Not too sure what your goal is. Are you wanting to know if this setup can extract? Or you want to use it to reduce/distill.
I am curious as to what you planned on heating the boiling flasks with. Also, not sure why you would want to use steam to extract. As far as I know, canabinnoids are not water soluble without emulsification. They are lipophilic, meaning they dissolve better in fats and oils than in water.
I dont think either of your configurations are going to work very well to evaporate. Certainly wont work to extract using steam. As others have suggested, please look into safety guidelines if attempting to use this. And I can see it only good to reduce/distill. Not extract.
1)
HIGH RISK OF EXPLOSION! Neither configuration is vented! Pressure build up! Unless under vacuum, the 'receiver' should not be sealed to the apparatus. Allow the recovered solvent to drip into the receiver, open-ended, at atmospheric pressure.
2) The configuration on the right isnt going to work well to reduce/distill because of the column before the condenser. That particular column is designed to separate water/solvent.
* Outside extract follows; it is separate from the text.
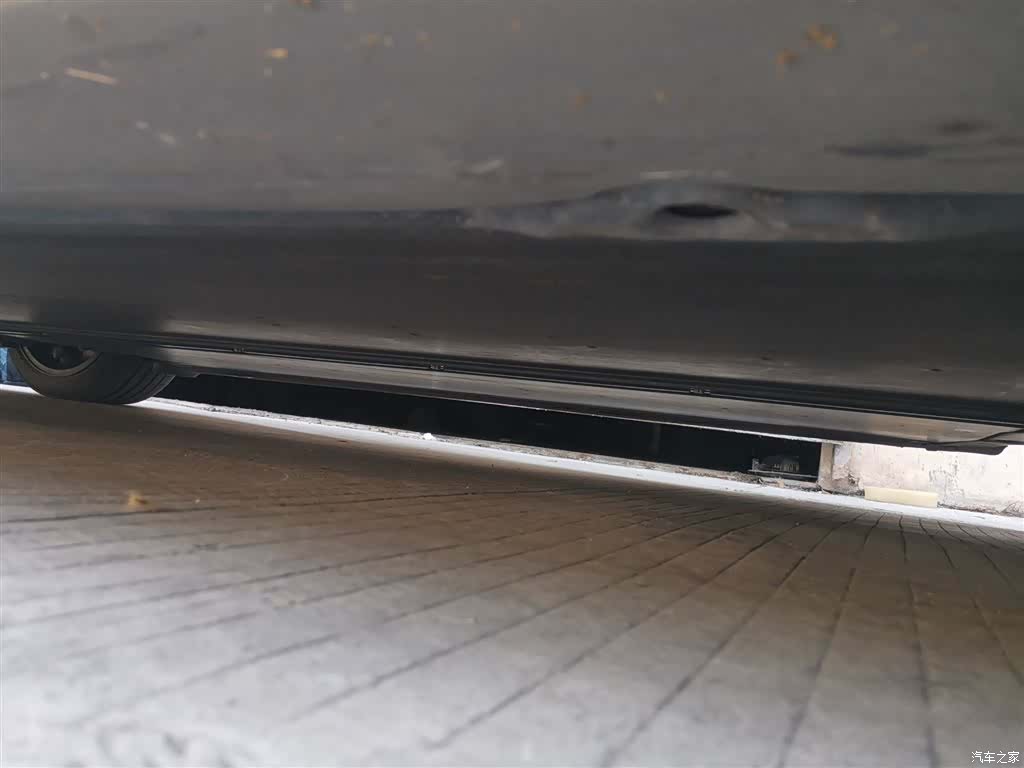 Tesla Model 3, 2019 16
Theoretically, you would be retaining a lot of water content - not good.
3) If going ahead with this, I would use a smaller boiling flask. How are you going to recover the concentrate? If going for a tincture, it can be poured out. But if wanting oil, you will need to collect it somehow from the flask. A smaller flask makes it much easier.
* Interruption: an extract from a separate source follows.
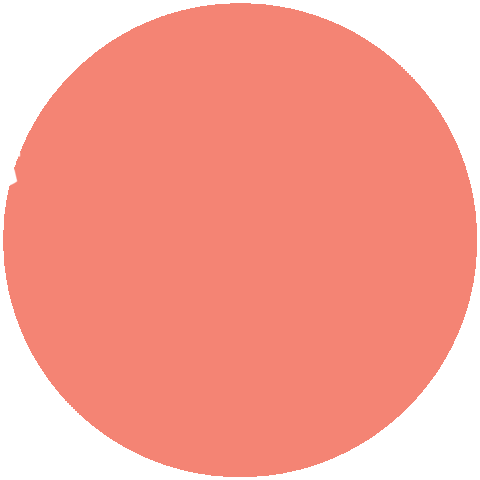 Swipe Up Sticker by Tinyhood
So with what you have there, distillation or reduction could be done. Here is how I would configure what you have. You need at least one more lab stand. The condenser should be supported as well:
1) Use the double neck flask as the boiling flask. Install a thermometer in the offset neck to monitor solution/vapor temp (optional).
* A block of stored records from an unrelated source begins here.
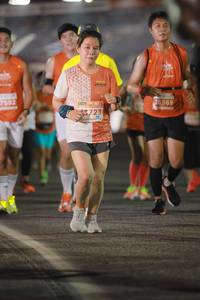 BIB: 7592, 26569, 3723, 701
                            <button type="button" onclick="openModal(14108435)" class="btn btn-primary btn-sm float-right btn-popup" data-toggle="modal" data-target=".modal-high-quality">
                        <i class="fas fa-shopping-cart"></i> Add to Cart
                    </button>
                                            <button type="button" onclick="isThisMe(14108435, true)" class="btn btn-success btn-sm float-right btn-popup btn-isme hidden" data-toggle="tooltip" data-placement="bottom" title="นี่คือรูปของคุณใช่ไหม คลิกที่นี่เพื่อเอาเข้าอัลบั้ม">
                        <i class="fas fa-plus"></i> Add to album
                    </button>
                    <button type="button" onclick="isThisMe(14108435, false)" class="btn btn-warning btn-sm float-right btn-popup btn-isnotme hidden">
                        <i class="fas fa-ban"></i> Remove from album
                    </button>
2) Ditch the biomass flask above the double neck flask and install that condenser directly to the double neck boiling flask. Support the condenser with an additional lab stand. Leave the bottom of condenser 'open-ended' to prevent pressure build up and allow condensed solvent to drip into a receiver.
3) Move the setup to your stove if no other heat source. Use a pot of water on stove to heat the double neck boiling flask containing the solution to be reduced. Ethaol/isopropynol has a much lower vapor point than water. Typically around 78C. So boiling water is more than enough to evaporate solvent.
4) Do this in a well ventilated space.
You could easily improve the setup with the proper components.
DISCLAIMER:
I am not a expert. This is only a suggestion. Know the dangers and do this at your own risk.